The murder of five women within 10 days in Australia, allegedly by men they knew, has left Manuela Whitford feeling “numb.”

“We’ve become so conditioned … you hear it all the time, I’ve just become so numb,” she said. “But on the other scale, I go, ‘Oh, my God,’ I’m doing a good thing for the people that I can help.”

Whitford is the founder of Friends with Dignity, a Brisbane-based charity that gives families fleeing domestic violence everything they need to feel at home in emergency accommodation.

They’re mostly mothers with children, who leave with few possessions but carry the weight of fear and worry about where they’re going and how they’re going to cope.

“They are so isolated.
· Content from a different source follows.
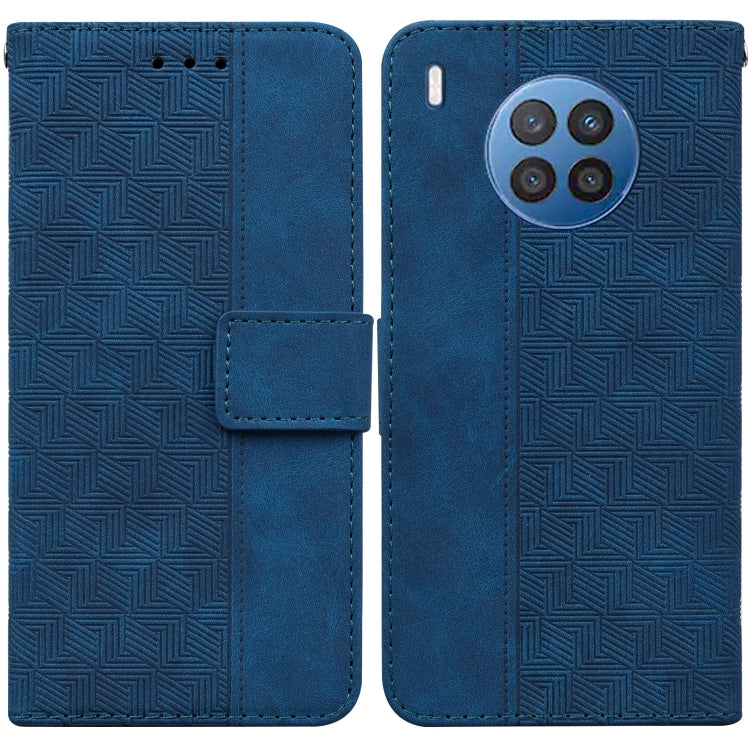 For Huawei nova 8i/Honor 50 Lite Overseas Version Geometric Embossed Leather Phone Case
This is years of conditioning people that you’re not good enough, you’re not worth it, you’ve got no value,” Whitford said from the charity’s warehouse south of Brisbane.
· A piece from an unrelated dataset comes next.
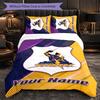 Melbourne Storm Customized Name Text Bedding Set, 1 Duvet Cover & 2 Pillowcases Personalized Bedroom Gift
Tucked at the back of an industrial park, the warehouse shelves are piled high with household goods, boxes of toys, and mattresses washed, stacked and ready for delivery to apartments secured by welfare agencies.

It’s hoped the donations will help save lives, but it’s the women who were unable to escape allegedly violent men that made headlines in Australia in recent weeks.

The five women killed in 10 days include a 21-year-old water polo coach who had reportedly recently split up with her suspected killer, and a 65-year-old woman whose elderly husband has been accused of murder.

They’re now numbers on a national count that’s at 43 so far this year, according to Counting Dead Women, a research project started by feminist group Destroy the Joint, which takes its name from an insult hurled in 2012 by an Australian shock jock who accused women leaders of “destroying the joint.”

5 dead women

The most recent alleged murder was discovered on Monday, when security staff at the Crown Towers hotel in Perth, Western Australia, received a phone call from worried family members of Alice McShera, a 34-year-old lawyer.

They checked a room and found McShera’s body, WA Police Inspector Geoff DeSanges told reporters on Tuesday. A 42-year-old man found in the same room with suspected self-inflicted injuries was later charged with murder.

Last Sunday, 46-year-old Analyn Osias, known as Logee, suffered fatal injuries in a house in Kangaroo Flats, according to Victoria Police. A 44-year-old man has been charged with murder.

Days earlier, Lilie James, a 21-year-old water polo coach, was found dead with head injuries in the gym toilet of a private school in Sydney, according to New South Wales Police. The body of her 24-year-old former partner was later discovered at the bottom of a cliff after his suspected suicide.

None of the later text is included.